October 28, 2008 at 12:18 pm
Greetings all. I have a situation where I save an Excel file as tab delimited text, then BCP it to a temp table. No problem there. The problem is that there is a field for a job number, that is often missing one digit, or it is fat fingered, and I have to search my database for likely values, then change it to what it is supposed to be before I save it. Today I came across one I could not easily identify, so I made a procedure to do it more efficiently. The logic is that the wrong job number in question will be entered to the procedure as a string. If there is simply 1 digit missing, no problem. If there are any adjacent extra digits, then the number of extra digits will have to be entered as a parameter as well. So, here it is.

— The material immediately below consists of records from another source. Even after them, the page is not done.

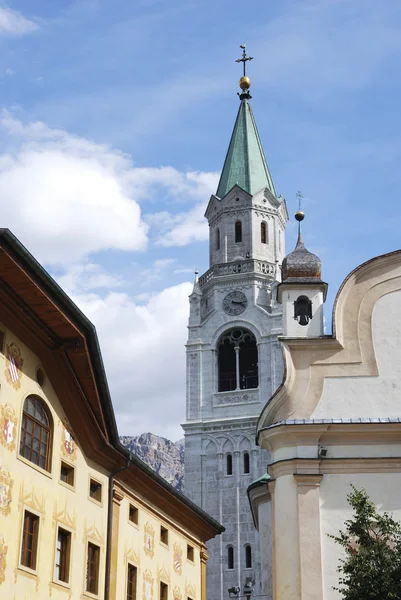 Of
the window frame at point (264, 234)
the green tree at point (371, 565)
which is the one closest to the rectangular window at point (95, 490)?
the green tree at point (371, 565)

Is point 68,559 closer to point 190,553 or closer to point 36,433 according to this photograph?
point 36,433

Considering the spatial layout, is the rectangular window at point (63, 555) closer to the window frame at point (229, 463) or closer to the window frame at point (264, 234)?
the window frame at point (229, 463)

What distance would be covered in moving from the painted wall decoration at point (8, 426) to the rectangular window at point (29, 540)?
1891 millimetres

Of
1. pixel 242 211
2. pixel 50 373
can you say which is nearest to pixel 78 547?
pixel 50 373

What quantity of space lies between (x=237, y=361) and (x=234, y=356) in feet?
2.18

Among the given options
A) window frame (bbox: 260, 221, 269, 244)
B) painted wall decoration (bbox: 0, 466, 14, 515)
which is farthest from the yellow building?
window frame (bbox: 260, 221, 269, 244)

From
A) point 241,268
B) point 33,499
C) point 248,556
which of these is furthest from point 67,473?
point 241,268

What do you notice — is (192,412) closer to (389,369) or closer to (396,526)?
(389,369)

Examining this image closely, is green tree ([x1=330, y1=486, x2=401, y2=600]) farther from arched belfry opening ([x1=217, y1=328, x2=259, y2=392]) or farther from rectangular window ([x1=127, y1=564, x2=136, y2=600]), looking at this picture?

First, create test table and populate the test values
IF OBJECT_ID('TempDB..test','u') IS NOT NULL
DROP TABLE test
CREATE TABLE test
(
string VARCHAR(20)
)
INSERT INTO test
SELECT 'ABC1234' UNION ALL
SELECT 'ABC2345' UNION ALL
SELECT 'ABC3456' UNION ALL
SELECT 'ABC5678'
Now, the procedure.
CREATE PROCEDURE spTest
@string VARCHAR(100),--This is the bad job number
@Len SMALLINT,--this should be the length of @string
@NumberOff TINYINT--this is the number of "fat finger" digits, 0 of 1 digit missing
AS
--SELECT @Len = LEN(@String) can't figure out where to put this
--First part selects values where @string is missing 1 digit.

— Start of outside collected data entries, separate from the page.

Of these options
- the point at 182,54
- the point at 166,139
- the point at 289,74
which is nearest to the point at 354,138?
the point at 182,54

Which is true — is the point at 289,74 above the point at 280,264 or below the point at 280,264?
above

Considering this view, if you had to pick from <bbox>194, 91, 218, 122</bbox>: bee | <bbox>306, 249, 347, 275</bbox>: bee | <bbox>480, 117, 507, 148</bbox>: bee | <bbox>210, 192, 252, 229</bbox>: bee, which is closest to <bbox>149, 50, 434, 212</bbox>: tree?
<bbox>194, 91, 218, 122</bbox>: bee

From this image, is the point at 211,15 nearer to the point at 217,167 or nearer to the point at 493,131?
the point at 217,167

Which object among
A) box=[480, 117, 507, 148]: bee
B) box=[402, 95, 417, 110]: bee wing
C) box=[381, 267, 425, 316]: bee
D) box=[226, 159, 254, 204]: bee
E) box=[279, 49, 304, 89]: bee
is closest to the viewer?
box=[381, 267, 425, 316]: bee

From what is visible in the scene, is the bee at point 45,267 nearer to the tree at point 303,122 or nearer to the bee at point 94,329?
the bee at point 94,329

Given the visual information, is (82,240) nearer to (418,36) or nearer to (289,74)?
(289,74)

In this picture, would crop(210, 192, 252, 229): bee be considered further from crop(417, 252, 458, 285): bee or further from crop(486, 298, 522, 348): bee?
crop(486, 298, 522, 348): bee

--@NumberOff does not affect this part.
--It basically breaks test.string into two parts, removing sequential
--digits, to match @string
SELECT DISTINCT
string
FROM test t1,
tally t2
WHERE SUBSTRING(string,0,n)+ SUBSTRING(string,n+1,LEN(string)-n) = @string
AND t2.n < = LEN(String)
UNION ALL
--The second part finds matches where @string has been fat fingered, and
--will be off by the number of characters specified in @NumberOff.
--I realize this only works if the fat fingered digits are adjacent, but
--this covers the vast majority of my problem records.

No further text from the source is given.